Also, don’t forget, once you have read the book, please leave a review on Amazon. It doesn’t have to be long, just honest. Every review helps all us poor authors immensely.


Midnight in the Garden of Urban Fantasy

Hi there, Dark Dreamers,

I hope everyone had a fun Mother’s Day and is enjoying this Spring. Both of these events collided yesterday for me into a day of being pampered by my boys and planting my veggie and fruit gardens for this year under a beautiful sky. It was nothing short of glorious.

This is my third year of growing fruits and vegetables at home. Over time I’ve learned that I knew nothing that first year, but I’m getting better at it. In the first year, my eyes got much bigger than my talent. I figured my plants would barely grow or produce, so I filled my garden. To my surprise it did grow, but now my inexperience had created a jungle monstrosity where tomatoes and cucumbers twined together until you didn’t know where one stopped and the other started. They grew through my fence until our neighbors also had veggies. Basil and peppers grew for their lives, but were eventually choked out by the larger plants. I was able to can a great deal of delicious food to save and use during the winter and the rest of the year, but so much rotted and was wasted.

The next year, I learned from my mistakes. I put in two extra beds and made more space. I dedicated one whole bed to nothing but strawberries and planted two apple and one pear tree. I went down by a third on my tomato plants, planting them far away from the cucumbers and then, let everything grow. My success was greater, but the tomatoes still managed to grow so big that we couldn’t reach the middle. The cucumbers, without the tomatoes to grow on, didn’t thrive. I also tried new plants like corn and watermelon. There was a lot to learn. I cut back my strawberries and didn’t let them flower, like the experts told me to, and did the same with the apples. Again, I had an enormous tomato yield, but my inexperience led me to not much else, as I didn’t understand the right care for each. Also Japanese Beatles ate all the leaves off my trees.

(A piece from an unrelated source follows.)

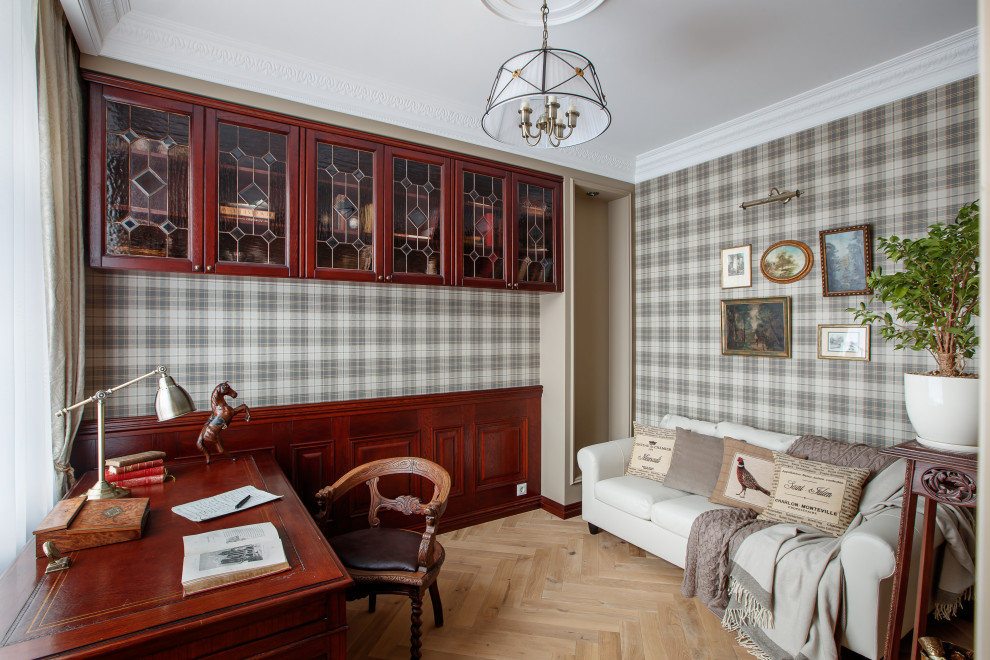 This is an example of a mid-sized traditional home office in Yekaterinburg with a library, beige walls, light hardwood floors, a freestanding desk and beige floor.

This year, I’m at it again. With planting and growing, everything I’ve learned has led to many changes. I now have my herbs in gutter gardens where they can thrive and not compete. I have half the tomato plants I had the first year with cages and spacing that allows me to reach from all sides. I have much more room for my other plants and am even trying some new ones that don’t need so much space. I switched how I feed and water them. Finally, I got to let my apples and strawberries blossom. And we sprayed them with a natural oil that is supposed to keep the beetles at bay. It is still early in the season, but there is already something for me to feel proud and excited about. The very first apples are forming on my trees. On both the Honeycrisp and the Golden Delicious apple trees, baby fruit is happily growing. We will have to see how my work goes as the seasons turn, but so far so good.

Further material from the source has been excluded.